• [Provided information]:

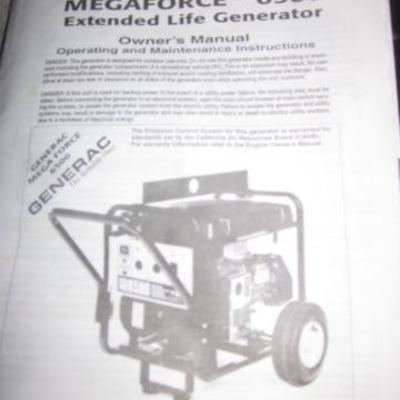 Generator Extended Live Generac Megaforce 6500
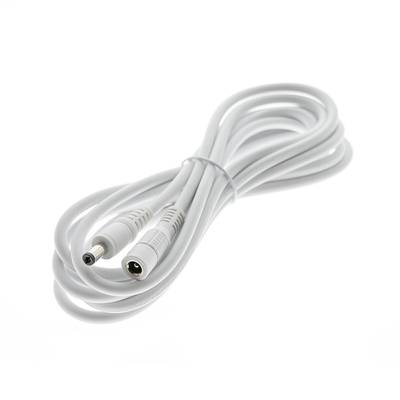 cable de 3m entre tira led y transformador, blanco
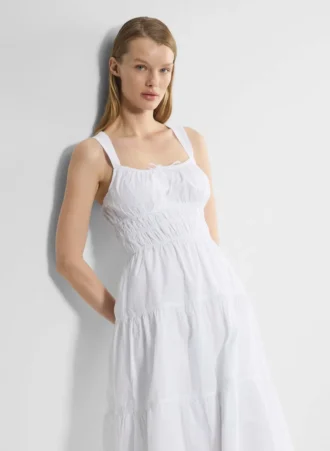 Vestido midi de popelín Martine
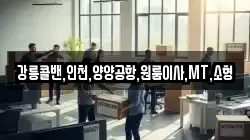 강릉콜밴,인천,양양공항,원룸이사,MT,소형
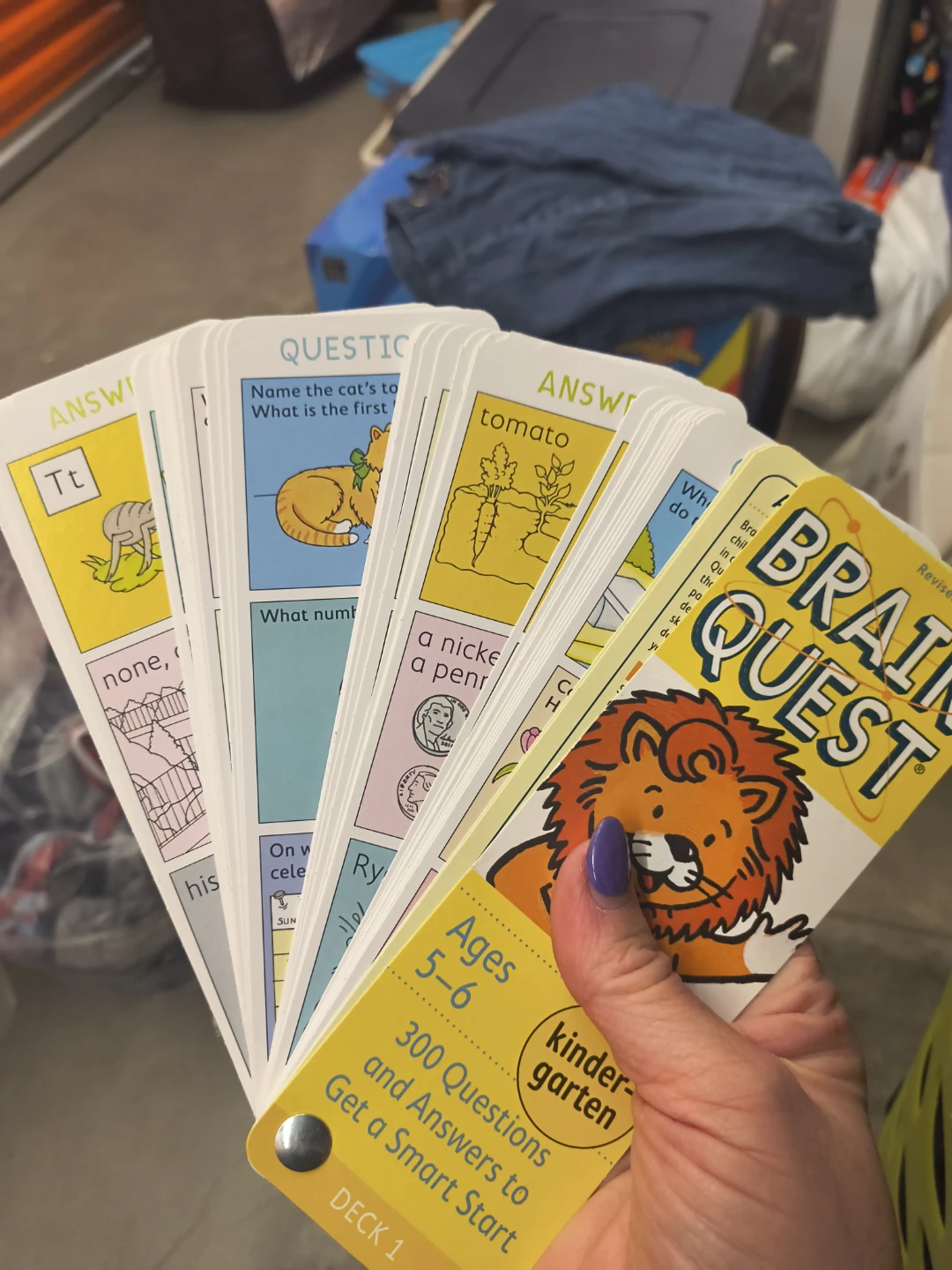 Brain Quest Kindergarten Educational Card Deck - photo 3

• [Problem to solve]: From the line containing "cable de 3m" through the last line of the listing, inclusive, transcribe every line exactly and nothing else; the pictures stay out.

• [Answer box]:
 cable de 3m entre tira led y transformador, blanco
 Vestido midi de popelín Martine
 강릉콜밴,인천,양양공항,원룸이사,MT,소형
 Brain Quest Kindergarten Educational Card Deck - photo 3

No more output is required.